The Three-Character Rule (well, Suggestion)

When I first heard the idea that most players only play three characters, I think I had the same reaction as everybody else, which was basically “That’s dumb, and you’re dumb”. I kind of resented the idea that players are so set in their ways that they can each be boiled down to three basic ideas. But the more I thought about it, the more I realized that it’s not that players only have three characters as much as they have three archetypes, or three concepts that they expand into multiple fully-fleshed characters.

It’s not that players say “I will only player fighters, dwarves, and raging drunks. And if I can fit them all into one character, bonus!” I doubt anybody sits down and specifies them at all, certainly not that clearly. There’s the occasional case where somebody might play the same character in different systems or settings, but I’ve only seen a few players even try it. It’s more that they enjoy certain parts of the system more, or they like certain things from other media more, or they’re specifically avoiding something they don’t like. Over time, this builds into a pattern that’s only really clear in retrospect.
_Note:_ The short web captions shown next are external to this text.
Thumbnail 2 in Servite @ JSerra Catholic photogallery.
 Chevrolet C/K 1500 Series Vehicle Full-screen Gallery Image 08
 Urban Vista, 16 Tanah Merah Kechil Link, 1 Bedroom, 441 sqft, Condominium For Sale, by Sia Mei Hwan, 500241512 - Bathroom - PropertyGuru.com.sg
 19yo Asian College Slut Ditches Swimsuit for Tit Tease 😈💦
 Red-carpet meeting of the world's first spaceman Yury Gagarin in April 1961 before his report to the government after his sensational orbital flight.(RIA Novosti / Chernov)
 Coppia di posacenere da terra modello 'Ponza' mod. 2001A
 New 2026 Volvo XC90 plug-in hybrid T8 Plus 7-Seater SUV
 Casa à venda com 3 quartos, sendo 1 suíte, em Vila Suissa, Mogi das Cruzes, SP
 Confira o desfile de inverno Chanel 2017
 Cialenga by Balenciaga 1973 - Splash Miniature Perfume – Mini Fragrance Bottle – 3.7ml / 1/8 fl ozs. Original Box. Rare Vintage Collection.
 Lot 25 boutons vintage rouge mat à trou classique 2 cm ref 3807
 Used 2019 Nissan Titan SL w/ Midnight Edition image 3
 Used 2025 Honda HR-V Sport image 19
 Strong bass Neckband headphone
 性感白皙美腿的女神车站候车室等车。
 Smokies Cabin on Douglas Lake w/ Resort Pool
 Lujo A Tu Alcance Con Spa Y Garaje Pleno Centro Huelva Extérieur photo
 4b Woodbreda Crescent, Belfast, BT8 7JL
I have some idea of what I like, but maybe by listing all my characters I’ll see a system that I hadn’t notice before. Since this is kind of a D&D blog, I’m only going to focus on my D&D characters, though my characters in other systems (pop star, strongarm zombie-killer, modern American minister, and insomniac Doctor Octopus) do contribute something:

D&D 3.0: super-fast rogue/barbarian
D&D 3.0: spider/dragon bard
D&D 3.0: healing snake-based druid
D&D 3.5: nimble swashbuckler
D&D 3.5: stalwart cleric/barbarian
D&D 3.5: curmudgeon cleric
D&D 3.5: shounen hero sorcerer
D&D 3.5: brooding favored soul
D&D 4.0: science-based robot paladin
D&D 3.5: civilization-building scout
D&D 4.0: science-based robot battlemind
D&D 4.0: rainbow spirit shaman
D&D 3.5: random-weapon ranger
D&D 3.5: giant reticent fighter

That actually did help. Based on what I’ve already played, I like the following:

  • Healers — Five of my fourteen characters were primary healers, and two more were secondary healers. I can’t explain exactly why I like it, though. Maybe it’s the idea of being the glue that hold everybody together, something I don’t get to do in real life. Maybe it’s the thrill of managing the resources of an entire party, making sure they’re all able to do their jobs in a way other roles can’t. Or maybe I just like looking at the damage the DM is doing and subverting it. 4th Edition has changed this a bit with the concept of healers that heal while doing damage, because players love damage. But I love healing for healing’s sake, and over time I’ve come to request that role when it’s available (Note: now that I like it, it never is).
  • Competent characters — This isn’t just regular competency or competency in expected roles, where most characters are expected to be. This is hyper-competency, where I take some corner case in the system and excel at it in a way that doesn’t fit the normal character role. For example, my 4th Edition robot was capable of doing 200 damage in a single round at L16, which was impressive considering that character is not a striker but less impressive when one realizes that I can’t do it for more than one round per day. My favored soul was a king of shield-based combat, my rogue was the fastest L5 character in the system, my ranger loved combat maneuvers in a age that didn’t have them, and so forth.
  • Snarky characters — This is the type of personality I tend to play because it’s the type of person I tend to be. Intentionally or otherwise, eventually enough of my personality will seep in to the character that they end up sounding like Gregory House. This fits six of my D&D characters and three of my four non-D&D characters, and it’s caused countless moments where other characters shift into snark for a quick joke.

So it looks like my perfect character is a snarky healer who’s also great at something besides healing. I’ve actually played this once (the favored soul) and come close a second time (the spirit shaman), but I’ve never gone into a character with that intention. In fact, both of those characters are backups for campaigns where I could run a second character.

It’s worth noting that I have a habit of picking my character last to fill any holes in the party. Using the seven party roles, I determine where there’s missing competency and build a character that fixes it, allowing everybody to have the character they want but still play in a balanced group. Most of the characters above were caused by me taking something I felt I needed to do and mixing it with something I wanted to do. If I had free reign to play any character I wanted, I think I’d be so consumed by analysis paralysis that I’d never make anything fun.